Imputation techniques for missing data
Mean replacement
- Replace missing values with the mean value from the rest of the column (columns, not rows. A column represents a single feature.)
- Fast & easy, won't affect mean or sample size of overall data set.
- Median may be a better choice than mean when outliers are present
- But it's generally pretty terrible
- Only works on column level, misses correlations between features
- Can't use on categorical features (imputing the most frequent value can work in this case, thoough)
- Not very accurate
Dropping
- If not many rows contain missing data
- And dropping those rows doesn't bias your data
- And you don't have a lot of time
- But it's never going to be the right answer for the best approach.

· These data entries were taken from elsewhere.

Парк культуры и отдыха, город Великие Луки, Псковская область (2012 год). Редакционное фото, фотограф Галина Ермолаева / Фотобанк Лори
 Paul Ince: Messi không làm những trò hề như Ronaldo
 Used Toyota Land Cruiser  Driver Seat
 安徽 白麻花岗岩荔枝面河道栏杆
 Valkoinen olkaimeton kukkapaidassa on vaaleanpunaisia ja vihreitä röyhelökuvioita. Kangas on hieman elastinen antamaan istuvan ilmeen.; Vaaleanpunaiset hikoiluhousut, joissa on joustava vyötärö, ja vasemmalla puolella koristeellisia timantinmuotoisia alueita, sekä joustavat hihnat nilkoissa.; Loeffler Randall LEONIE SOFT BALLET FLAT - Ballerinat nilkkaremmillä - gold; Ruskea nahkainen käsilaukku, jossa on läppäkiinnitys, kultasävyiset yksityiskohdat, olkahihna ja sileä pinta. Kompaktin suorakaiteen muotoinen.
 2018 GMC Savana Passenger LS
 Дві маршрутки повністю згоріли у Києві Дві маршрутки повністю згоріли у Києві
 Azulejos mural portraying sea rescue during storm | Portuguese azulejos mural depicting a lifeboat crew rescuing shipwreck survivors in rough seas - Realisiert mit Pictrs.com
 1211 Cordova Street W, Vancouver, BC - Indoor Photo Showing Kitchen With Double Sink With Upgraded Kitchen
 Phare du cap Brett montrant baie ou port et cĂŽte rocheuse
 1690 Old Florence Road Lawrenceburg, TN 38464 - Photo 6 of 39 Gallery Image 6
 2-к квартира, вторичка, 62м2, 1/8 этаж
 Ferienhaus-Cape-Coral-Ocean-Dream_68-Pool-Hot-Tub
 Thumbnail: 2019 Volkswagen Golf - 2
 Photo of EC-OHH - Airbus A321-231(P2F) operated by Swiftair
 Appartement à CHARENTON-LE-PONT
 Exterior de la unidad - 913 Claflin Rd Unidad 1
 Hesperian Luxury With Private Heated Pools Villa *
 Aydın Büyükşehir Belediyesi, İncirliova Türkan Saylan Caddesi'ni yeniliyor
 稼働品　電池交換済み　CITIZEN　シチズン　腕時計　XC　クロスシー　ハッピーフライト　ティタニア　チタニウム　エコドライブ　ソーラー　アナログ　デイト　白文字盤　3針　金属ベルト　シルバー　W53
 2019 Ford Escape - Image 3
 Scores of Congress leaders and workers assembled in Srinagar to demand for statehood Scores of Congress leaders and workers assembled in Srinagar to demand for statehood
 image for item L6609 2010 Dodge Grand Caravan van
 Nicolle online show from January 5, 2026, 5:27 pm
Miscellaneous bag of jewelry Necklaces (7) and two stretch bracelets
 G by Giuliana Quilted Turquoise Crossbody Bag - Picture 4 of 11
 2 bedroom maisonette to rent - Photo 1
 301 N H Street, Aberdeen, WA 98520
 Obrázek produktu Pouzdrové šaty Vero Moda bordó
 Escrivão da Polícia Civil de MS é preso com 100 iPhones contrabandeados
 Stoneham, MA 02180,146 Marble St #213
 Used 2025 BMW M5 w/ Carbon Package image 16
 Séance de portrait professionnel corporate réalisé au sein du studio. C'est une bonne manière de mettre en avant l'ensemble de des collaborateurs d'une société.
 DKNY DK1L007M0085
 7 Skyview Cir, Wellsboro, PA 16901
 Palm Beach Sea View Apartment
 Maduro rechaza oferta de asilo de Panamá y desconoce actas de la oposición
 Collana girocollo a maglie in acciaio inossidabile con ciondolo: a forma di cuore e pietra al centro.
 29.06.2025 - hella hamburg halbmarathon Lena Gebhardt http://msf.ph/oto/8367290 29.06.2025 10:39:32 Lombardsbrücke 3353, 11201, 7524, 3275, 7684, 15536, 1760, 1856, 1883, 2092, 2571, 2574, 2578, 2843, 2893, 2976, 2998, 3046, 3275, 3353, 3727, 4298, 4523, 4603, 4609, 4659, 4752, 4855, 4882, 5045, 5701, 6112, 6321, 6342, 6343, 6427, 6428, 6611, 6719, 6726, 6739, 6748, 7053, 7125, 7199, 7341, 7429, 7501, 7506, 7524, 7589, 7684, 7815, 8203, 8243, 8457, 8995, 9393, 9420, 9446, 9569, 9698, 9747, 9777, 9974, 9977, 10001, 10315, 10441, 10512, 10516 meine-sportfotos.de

- Almost anything is better. Can you substitute another similar fields perhaps? (i.e. review summary vs full text)
Machine learning
- KNN: Find K nearest (most similar) rows and average their values
- Assumes numerical data, not categorical
- There are ways to handle categorical data (hamming distance), but categorical data is probably better served by
- Deep Learning
- Build a machine learning model to impute data for your machine learning model.
- Works well for categorical data. Really well, but it's complicated.
- Regression
- Find linear or non-linear relationships between the missing feature and other features
- Most advanced technique: MICE (Multiple Imputation by Chained Equations)
Just get more data
- What's better than imputing data? Getting more real data!
- Sometimes you just have to try harder or collect more data.